## DATA TO PROCESS
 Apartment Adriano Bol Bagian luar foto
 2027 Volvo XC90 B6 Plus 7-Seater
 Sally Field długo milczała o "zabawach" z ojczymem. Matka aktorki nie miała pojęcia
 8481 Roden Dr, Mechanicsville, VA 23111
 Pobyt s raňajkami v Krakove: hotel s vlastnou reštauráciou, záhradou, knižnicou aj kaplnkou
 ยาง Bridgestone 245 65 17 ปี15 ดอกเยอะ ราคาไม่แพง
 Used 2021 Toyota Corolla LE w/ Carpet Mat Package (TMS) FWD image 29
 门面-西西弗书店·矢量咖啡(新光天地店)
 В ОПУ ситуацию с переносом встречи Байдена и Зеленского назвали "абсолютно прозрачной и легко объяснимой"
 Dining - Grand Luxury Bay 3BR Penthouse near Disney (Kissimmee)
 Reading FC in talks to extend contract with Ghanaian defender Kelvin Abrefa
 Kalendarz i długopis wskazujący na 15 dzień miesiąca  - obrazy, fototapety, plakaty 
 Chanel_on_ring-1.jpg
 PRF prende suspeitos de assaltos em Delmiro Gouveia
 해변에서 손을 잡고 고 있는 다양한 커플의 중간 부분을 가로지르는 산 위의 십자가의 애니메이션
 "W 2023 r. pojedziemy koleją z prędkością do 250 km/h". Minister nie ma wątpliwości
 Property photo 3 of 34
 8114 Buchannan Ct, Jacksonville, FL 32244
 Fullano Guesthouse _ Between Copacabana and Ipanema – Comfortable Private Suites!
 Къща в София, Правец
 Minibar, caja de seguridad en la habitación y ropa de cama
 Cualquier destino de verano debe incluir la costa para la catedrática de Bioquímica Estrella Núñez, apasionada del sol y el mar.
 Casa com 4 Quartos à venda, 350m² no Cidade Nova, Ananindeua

## WORK TO BE COMPLETED
Set the lines down exactly, from the first line of the records to the line where "Pobyt s raňajkami" appears, with both ends kept.

## EXERCISE ANSWER
 Apartment Adriano Bol Bagian luar foto
 2027 Volvo XC90 B6 Plus 7-Seater
 Sally Field długo milczała o "zabawach" z ojczymem. Matka aktorki nie miała pojęcia
 8481 Roden Dr, Mechanicsville, VA 23111
 Pobyt s raňajkami v Krakove: hotel s vlastnou reštauráciou, záhradou, knižnicou aj kaplnkou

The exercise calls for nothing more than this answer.